Goal of the exercise: Give back the data exactly, with no images.

┌─ Task input

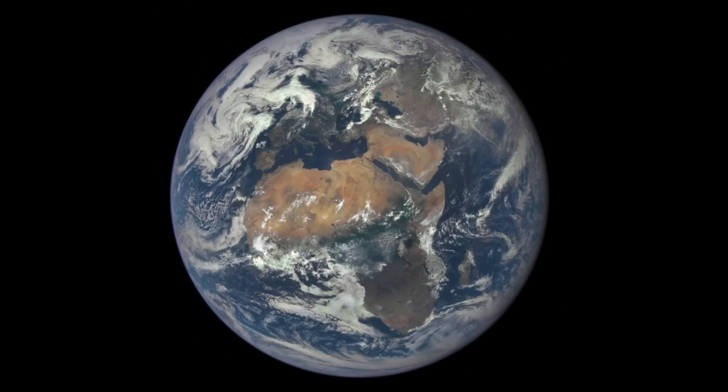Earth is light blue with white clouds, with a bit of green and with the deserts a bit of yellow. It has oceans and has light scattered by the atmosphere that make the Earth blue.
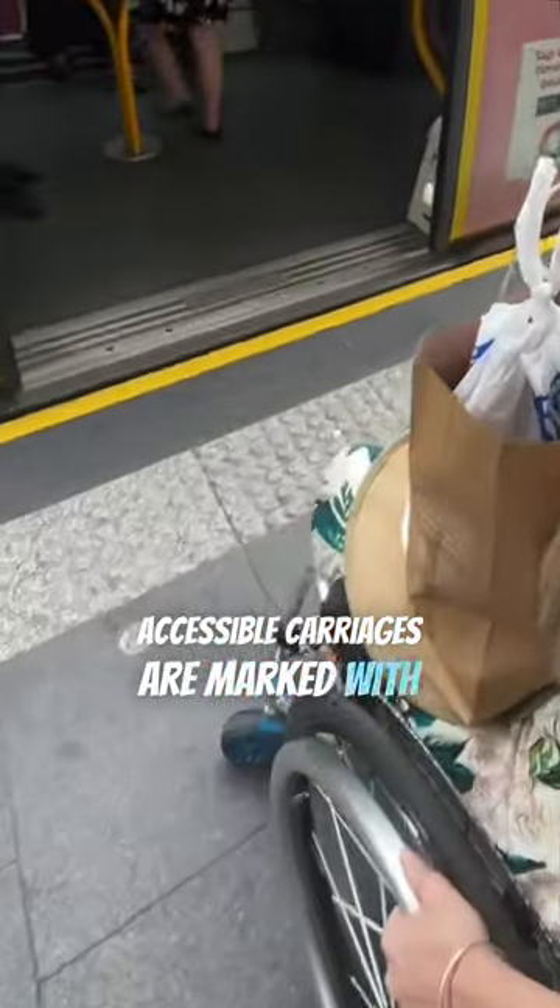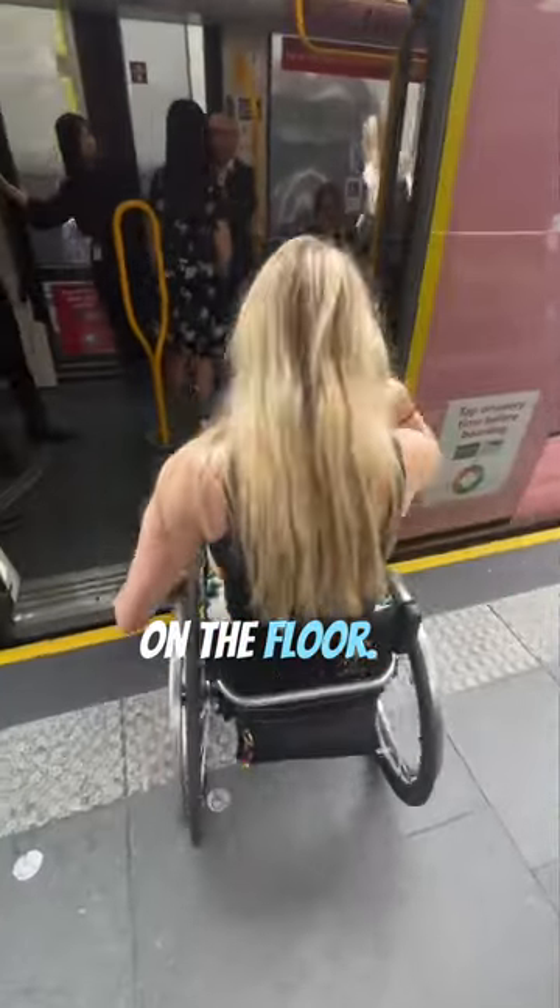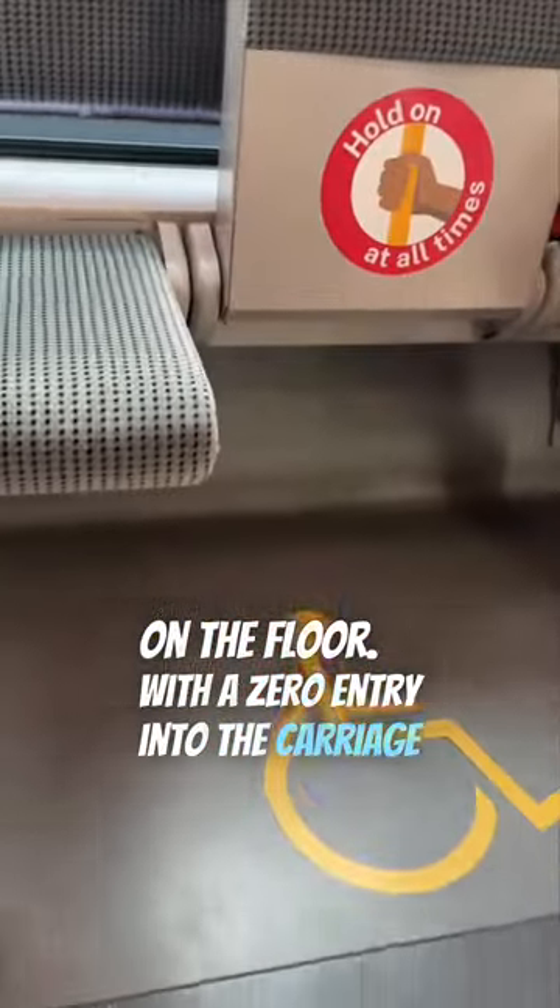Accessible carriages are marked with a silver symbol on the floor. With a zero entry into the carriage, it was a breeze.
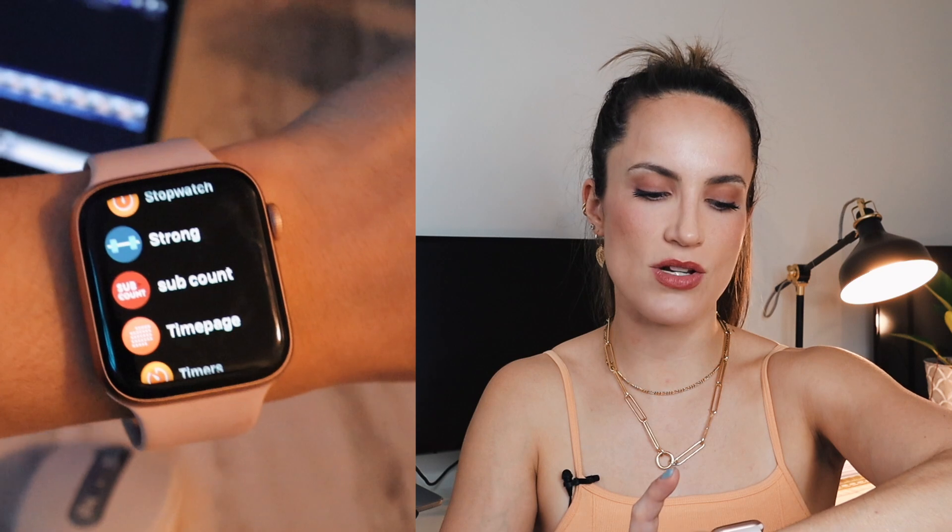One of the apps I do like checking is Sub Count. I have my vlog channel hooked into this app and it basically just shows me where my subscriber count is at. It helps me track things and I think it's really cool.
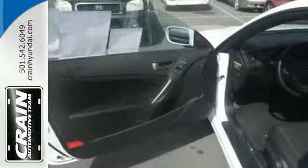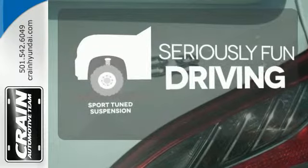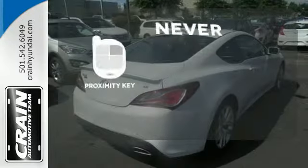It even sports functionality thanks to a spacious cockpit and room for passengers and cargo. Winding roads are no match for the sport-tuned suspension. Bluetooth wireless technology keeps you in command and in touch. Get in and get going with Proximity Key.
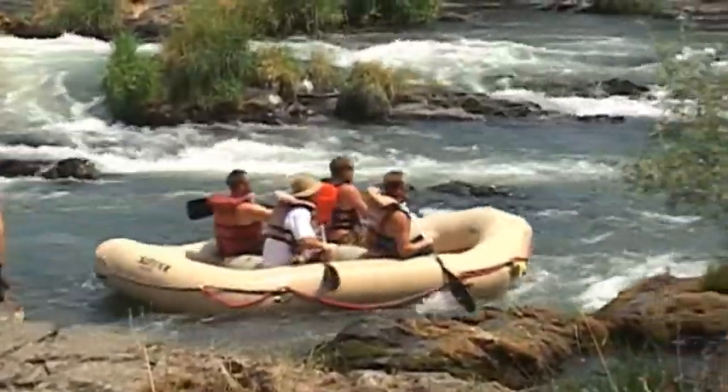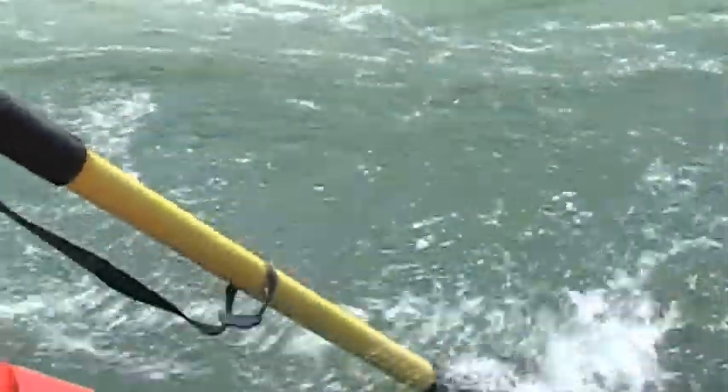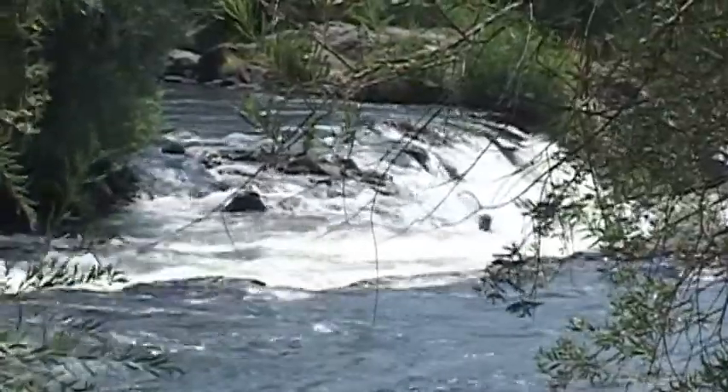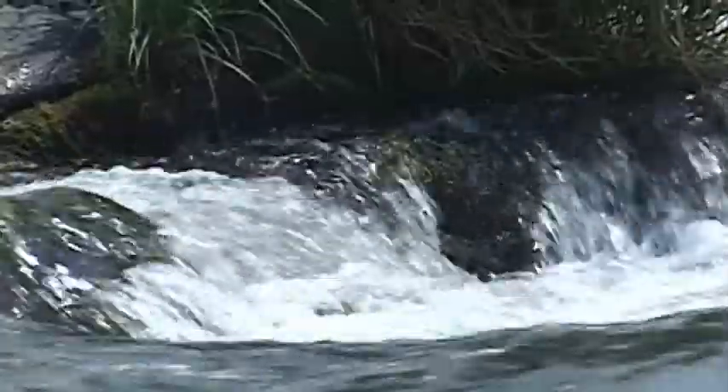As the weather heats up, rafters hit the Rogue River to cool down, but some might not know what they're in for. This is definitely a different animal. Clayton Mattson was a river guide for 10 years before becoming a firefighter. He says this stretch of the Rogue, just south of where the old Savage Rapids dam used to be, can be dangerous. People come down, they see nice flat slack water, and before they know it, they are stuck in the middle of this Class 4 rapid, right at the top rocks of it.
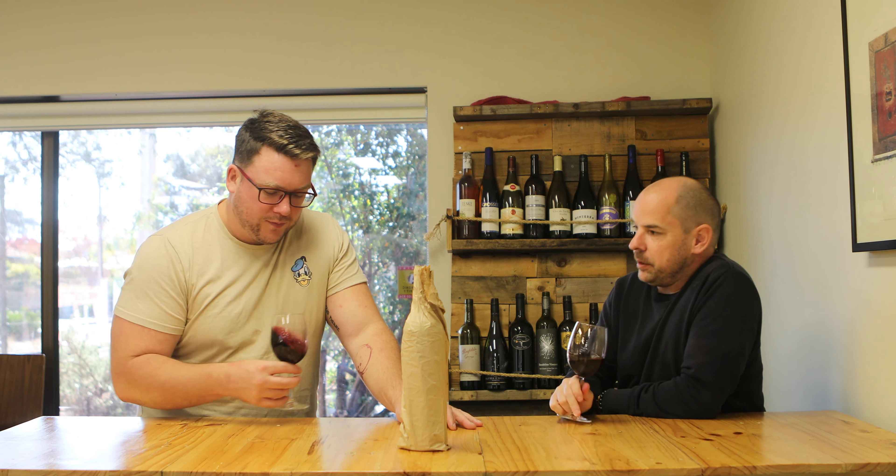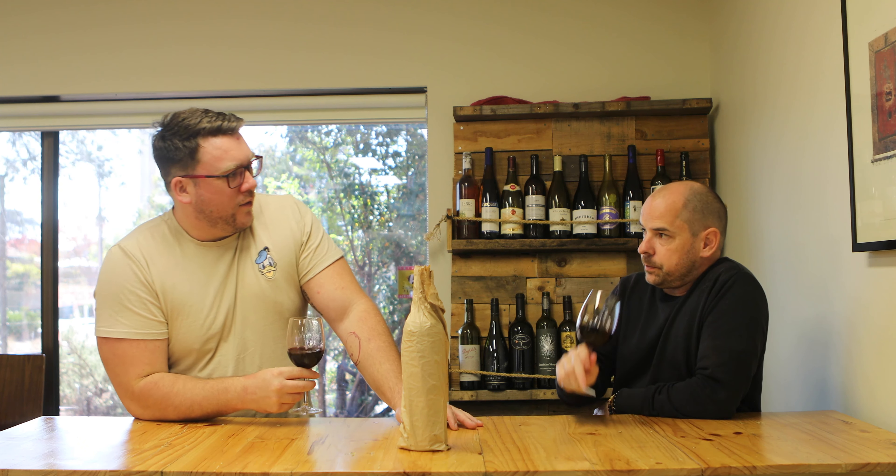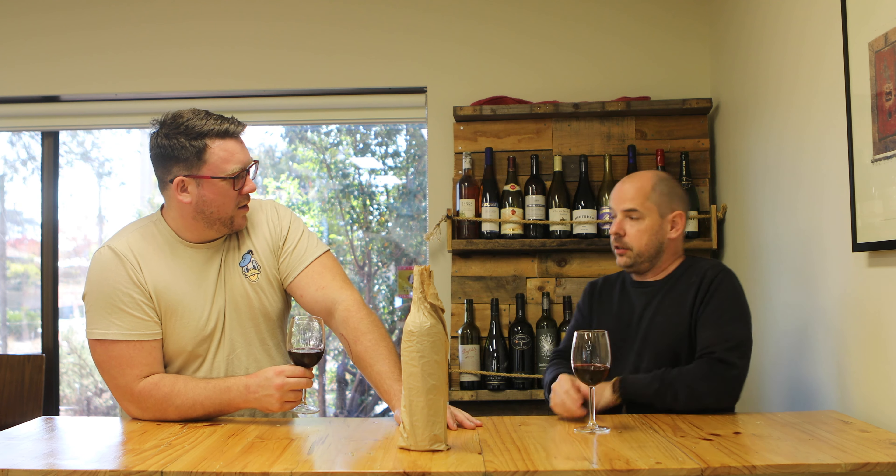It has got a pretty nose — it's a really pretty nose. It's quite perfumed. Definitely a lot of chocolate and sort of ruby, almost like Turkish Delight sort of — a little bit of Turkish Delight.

└─

Finished task:
Earth is light blue with white clouds, with a bit of green and with the deserts a bit of yellow. It has oceans and has light scattered by the atmosphere that make the Earth blue.
Accessible carriages are marked with a silver symbol on the floor. With a zero entry into the carriage, it was a breeze.
One of the apps I do like checking is Sub Count. I have my vlog channel hooked into this app and it basically just shows me where my subscriber count is at. It helps me track things and I think it's really cool.
It even sports functionality thanks to a spacious cockpit and room for passengers and cargo. Winding roads are no match for the sport-tuned suspension. Bluetooth wireless technology keeps you in command and in touch. Get in and get going with Proximity Key.
As the weather heats up, rafters hit the Rogue River to cool down, but some might not know what they're in for. This is definitely a different animal. Clayton Mattson was a river guide for 10 years before becoming a firefighter. He says this stretch of the Rogue, just south of where the old Savage Rapids dam used to be, can be dangerous. People come down, they see nice flat slack water, and before they know it, they are stuck in the middle of this Class 4 rapid, right at the top rocks of it.
It has got a pretty nose — it's a really pretty nose. It's quite perfumed. Definitely a lot of chocolate and sort of ruby, almost like Turkish Delight sort of — a little bit of Turkish Delight.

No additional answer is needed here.